Kedua Membersihkan Kedua Tangan Sebelum Makan
Rasulullah Saw bersabda:
"Bersiwaklah dan berwudhulah sebelum makan, karena itu dapat menghilangkan kefakiran." (Riwayat Thabrani – derajat hadis dhaif)
Membasuh tangan adalah sunnah sekaligus tanda kebersihan dan etika. Tangan adalah alat yang dipakai bekerja, menyentuh banyak hal, sehingga sangat mungkin membawa kotoran dan penyakit.
Ketiga Meletakkan Makanan di Atas Lantai (Bukan Meja Tinggi)
Menurut Imam al-Ghazali, sunnah Rasulullah Saw adalah makan di atas lantai, bukan di meja tinggi sebagaimana kebiasaan kaum berlebih (mutakabbir).
Rasulullah Saw bersabda:
"Aku makan sebagaimana seorang hamba makan, dan aku duduk sebagaimana seorang hamba duduk."
Makan di lantai melatih tawadhu’ (rendah hati) dan dekat dengan akhlak Nabi Muhammad Saw.
Namun, al-Ghazali memberi catatan:
Jika ada perubahan zaman, adat, atau kebutuhan selama tidak termasuk kesombongan maka hal itu tidak termasuk bid’ah tercela.
Keempat Tidak Berlebih-lebihan dalam Peralatan Makan
Islam tidak melarang menggunakan alat makan, tetapi melarang berlebihan sampai menjadi simbol pamer, gengsi, dan kemewahan.
Makan sederhana membuka pintu syukur, sedangkan makan dengan kemewahan berlebih dapat membawa hati pada kesombongan.
Kelima uduk dengan Sikap Tawadhu’
Di antara sunnah makan adalah duduk:
Duduk iftirasy, Tidak bersandar, Tidak dalam posisi sombong atau santai berlebihan. Sikap ini menunjukkan adab seorang hamba yang menyadari nikmat Allah Swt.
Keenam Berniat dan Menghadirkan Hati
Niat makan seorang mukmin bukan sekadar kenyang, tetapi agar kuat beribadah, menguatkan badan untuk ketaatan, Menjaga kesehatan sebagai amanah Allah Swt. Niat membedakan seseorang antara yang sekadar makan dan yang makan sebagai ibadah.

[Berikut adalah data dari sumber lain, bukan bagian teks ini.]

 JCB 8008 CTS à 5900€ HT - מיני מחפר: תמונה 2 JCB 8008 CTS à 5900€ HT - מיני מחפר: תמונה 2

Ketujuh Mengingat Bahwa Makanan Adalah Nikmat Allah
Sebelum makan, hati hendaknya hadir dengan rasa syukur, sadar bahwa makanan itu Bukan karena kemampuan diri, Tetapi karena rahmat dan pemberian Allah.

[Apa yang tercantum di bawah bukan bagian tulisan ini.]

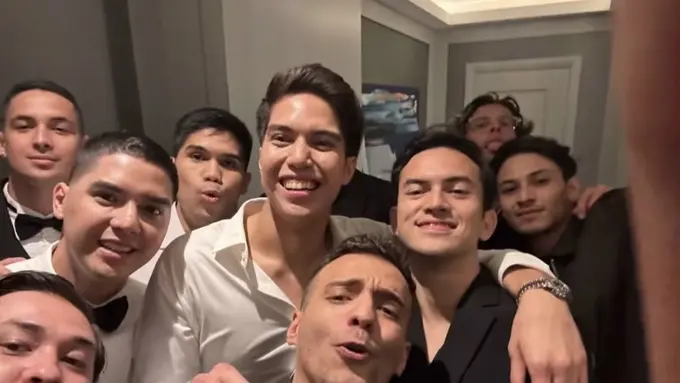 Rizky Nazar Hadir di Resepsi Al Ghazali dan Alyssa Daguise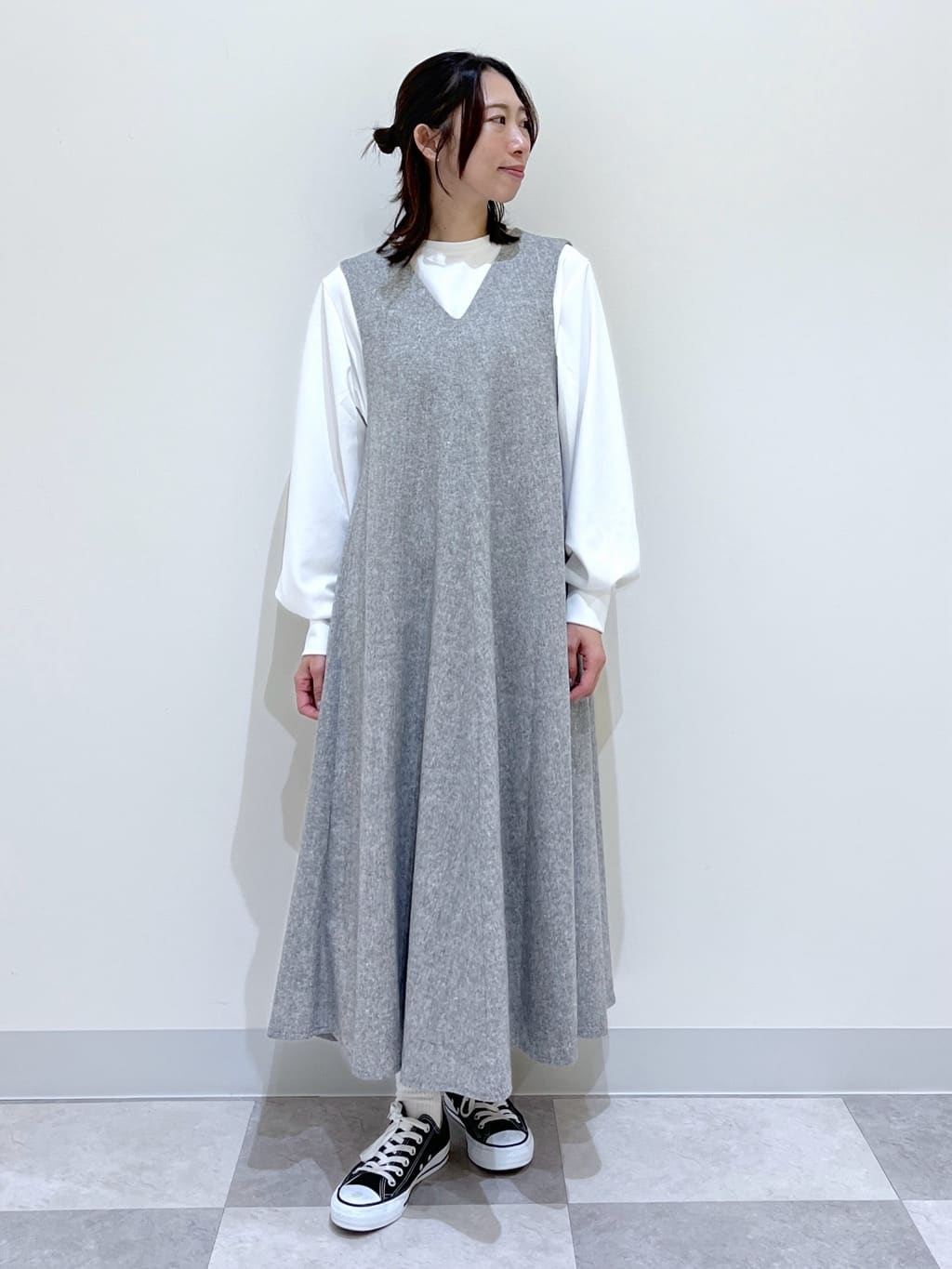 canaさんの「Dessin｜【洗える】Vネックジャンパースカート」を使ったコーディネート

Merenungkan proses panjang rezeki dari tanah, air, petani, pedagang, hingga sampai ke meja—membuat hati tunduk penuh syukur.
Penutup
Jadi dapat di simpulkan bahwasanya Imam al-Ghazali mengajarkan adab makan bukan hanya ritual luar, tetapi pendidikan hati. Seorang Muslim tidak hanya memperhatikan halal-haram makanan, tetapi juga adab batin seperti: Syukur, Tawadhu’, Tidak berlebihan, Niat yang benar. Dengan demikian, makan menjadi ibadah yang mendekatkan diri kepada Allah, bukan sekadar rutinitas duniawi.